Kementerian Sosial (Kemensos) memastikan penyaluran bantuan sosial (bansos) Program Keluarga Harapan (PKH) dan Bantuan Pangan Non Tunai (BPNT) untuk tahap pertama tahun 2026 akan dimulai pada Februari ini. Bantuan ini ditujukan bagi keluarga kurang mampu untuk memenuhi kebutuhan dasar selama periode Januari hingga Maret 2026.
Jadwal Penyaluran Triwulanan
Penyaluran PKH dan BPNT merupakan bagian dari program reguler yang dilaksanakan setiap triwulan. Untuk tahap pertama tahun ini, bantuan akan diberikan sekaligus untuk periode tiga bulan, yakni Januari, Februari, dan Maret 2026. Langkah ini diambil pemerintah guna menjaga stabilitas daya beli masyarakat dan mendukung ketahanan pangan nasional.
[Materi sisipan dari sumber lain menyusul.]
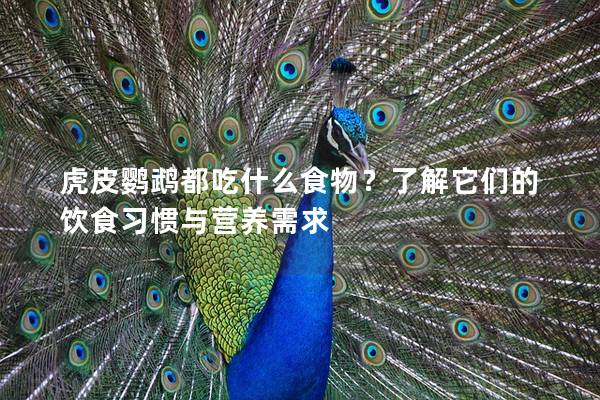 虎皮鹦鹉都吃什么食物？了解它们的饮食习惯与营养需求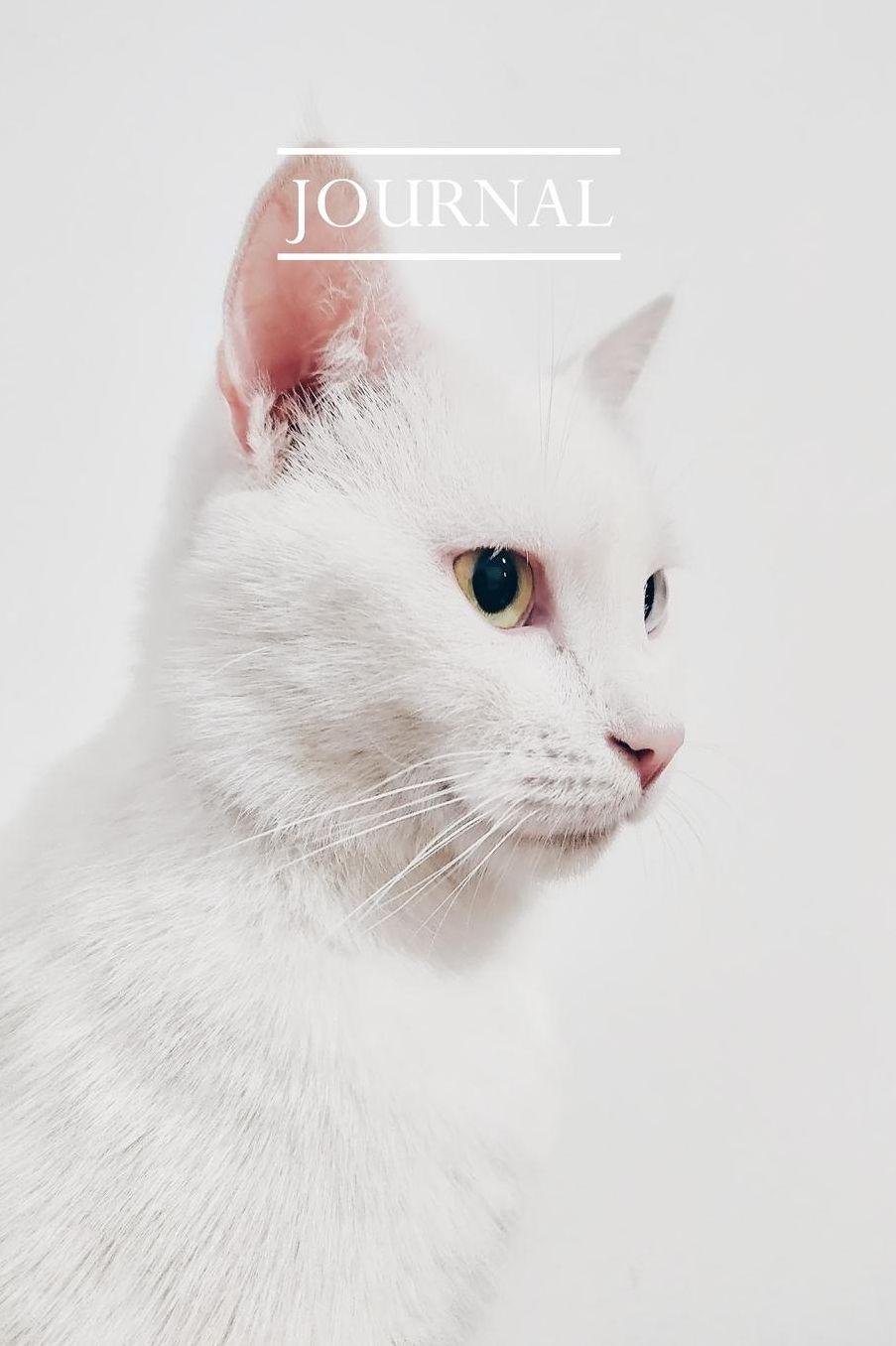 Journal: Pretty Cute Kitten Notebook for Cat Lovers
Rincian Besaran dan Mekanisme BPNT 2026
Bantuan Pangan Non Tunai (BPNT) difokuskan untuk membantu Keluarga Penerima Manfaat (KPM) dalam membeli kebutuhan bahan pangan pokok. Besaran bantuan BPNT yang akan diterima setiap KPM adalah:
- Rp200.000 per bulan
- Rp600.000 untuk satu triwulan (Januari–Maret 2026)
Dana BPNT tidak diberikan secara tunai, melainkan dalam bentuk saldo elektronik yang tersimpan di Kartu Keluarga Sejahtera (KKS). Saldo ini hanya dapat digunakan untuk membeli kebutuhan pokok seperti beras, telur, minyak goreng, sayuran, dan bahan makanan lainnya. Transaksi dilakukan melalui e-warong atau mitra resmi pemerintah yang telah ditunjuk.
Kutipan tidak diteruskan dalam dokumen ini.